Джон облокотился на окно рядом с ней.

— Почему? — сказал он устало.

Она не ответила. Они стояли рядом в теплой тишине ночи, мотыльки задевали их крыльями, крик ночной птицы прорезал молчание, да изредка было слышно, как в конюшне переступает с ноги на ногу лошадь. Вдруг Энн протянула вперед руку.

— Вот там — где-то — она не спит и хочет тебя. Нехорошо мне, Джон!

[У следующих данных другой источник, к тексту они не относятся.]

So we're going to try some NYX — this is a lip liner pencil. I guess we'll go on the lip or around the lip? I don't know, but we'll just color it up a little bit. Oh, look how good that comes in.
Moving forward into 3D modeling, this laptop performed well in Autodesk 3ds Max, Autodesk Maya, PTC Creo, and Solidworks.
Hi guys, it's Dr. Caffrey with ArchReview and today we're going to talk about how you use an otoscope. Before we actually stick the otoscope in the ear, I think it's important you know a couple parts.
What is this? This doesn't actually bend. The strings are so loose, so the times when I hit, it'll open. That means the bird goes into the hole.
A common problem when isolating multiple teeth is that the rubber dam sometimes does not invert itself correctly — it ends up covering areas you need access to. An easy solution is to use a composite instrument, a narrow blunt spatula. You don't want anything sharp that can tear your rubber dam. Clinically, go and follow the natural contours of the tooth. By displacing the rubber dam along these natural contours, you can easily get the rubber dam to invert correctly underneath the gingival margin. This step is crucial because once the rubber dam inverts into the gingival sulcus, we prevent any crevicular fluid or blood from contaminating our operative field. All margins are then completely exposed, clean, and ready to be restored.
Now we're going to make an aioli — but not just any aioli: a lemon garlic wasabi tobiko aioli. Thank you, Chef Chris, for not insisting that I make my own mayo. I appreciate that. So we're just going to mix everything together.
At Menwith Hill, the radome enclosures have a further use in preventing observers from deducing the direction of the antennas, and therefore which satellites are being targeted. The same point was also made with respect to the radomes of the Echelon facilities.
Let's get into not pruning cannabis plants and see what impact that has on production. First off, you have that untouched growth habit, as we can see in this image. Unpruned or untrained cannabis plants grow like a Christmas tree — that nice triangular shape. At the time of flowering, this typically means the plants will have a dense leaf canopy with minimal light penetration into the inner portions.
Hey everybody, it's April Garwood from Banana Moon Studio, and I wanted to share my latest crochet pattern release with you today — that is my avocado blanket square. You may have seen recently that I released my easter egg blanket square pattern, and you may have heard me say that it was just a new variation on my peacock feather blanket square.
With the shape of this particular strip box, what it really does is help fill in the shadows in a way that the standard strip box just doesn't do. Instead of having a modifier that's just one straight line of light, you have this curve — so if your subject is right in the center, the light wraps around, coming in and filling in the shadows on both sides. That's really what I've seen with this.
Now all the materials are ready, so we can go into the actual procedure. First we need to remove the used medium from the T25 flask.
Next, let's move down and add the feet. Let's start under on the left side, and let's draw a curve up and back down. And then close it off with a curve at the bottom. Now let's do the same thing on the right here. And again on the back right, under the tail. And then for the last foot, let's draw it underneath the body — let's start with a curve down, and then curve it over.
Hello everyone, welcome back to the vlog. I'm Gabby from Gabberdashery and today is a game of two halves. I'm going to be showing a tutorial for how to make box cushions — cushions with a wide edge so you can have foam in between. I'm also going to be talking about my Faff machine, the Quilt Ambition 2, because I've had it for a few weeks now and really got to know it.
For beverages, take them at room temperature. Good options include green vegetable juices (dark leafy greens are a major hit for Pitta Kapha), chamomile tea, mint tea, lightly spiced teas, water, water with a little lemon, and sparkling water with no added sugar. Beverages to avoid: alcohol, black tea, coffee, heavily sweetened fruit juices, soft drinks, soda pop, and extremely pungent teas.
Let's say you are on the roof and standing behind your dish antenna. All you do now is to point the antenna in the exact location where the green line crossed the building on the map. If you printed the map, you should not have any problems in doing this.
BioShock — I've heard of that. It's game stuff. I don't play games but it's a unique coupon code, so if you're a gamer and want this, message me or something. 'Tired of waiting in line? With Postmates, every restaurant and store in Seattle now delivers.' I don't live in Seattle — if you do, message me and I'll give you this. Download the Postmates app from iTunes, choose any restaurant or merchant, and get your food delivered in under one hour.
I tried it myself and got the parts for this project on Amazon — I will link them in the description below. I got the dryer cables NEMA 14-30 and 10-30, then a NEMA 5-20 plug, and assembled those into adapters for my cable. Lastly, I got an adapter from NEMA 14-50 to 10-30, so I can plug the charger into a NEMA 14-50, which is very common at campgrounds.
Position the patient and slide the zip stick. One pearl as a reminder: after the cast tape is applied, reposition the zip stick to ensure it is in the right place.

— Не расстраивай себя, родная!

— Но мне, право же, нехорошо, Джон.

Прижалась к нему, как ребенок, щекой к щеке, темный завиток щекотал ему шею. И вдруг обернулась, отчаянно ища губами его губы.

— Люби меня!

Но когда она уснула, Джон еще долго лежал с открытыми глазами. В окно прокрался лунный свет, и в комнату вошел призрак — призрак в костюме с картины Гойи, кружился, придерживая руками широкое платье, манил глазами, а губы словно шептали: «И меня! И меня!»

И, приподнявшись на локте, он решительно посмотрел на темную головку на подушке. Нет! Ничего, кроме нее, нет — не должно быть — в этой комнате. Только не уходить от действительности!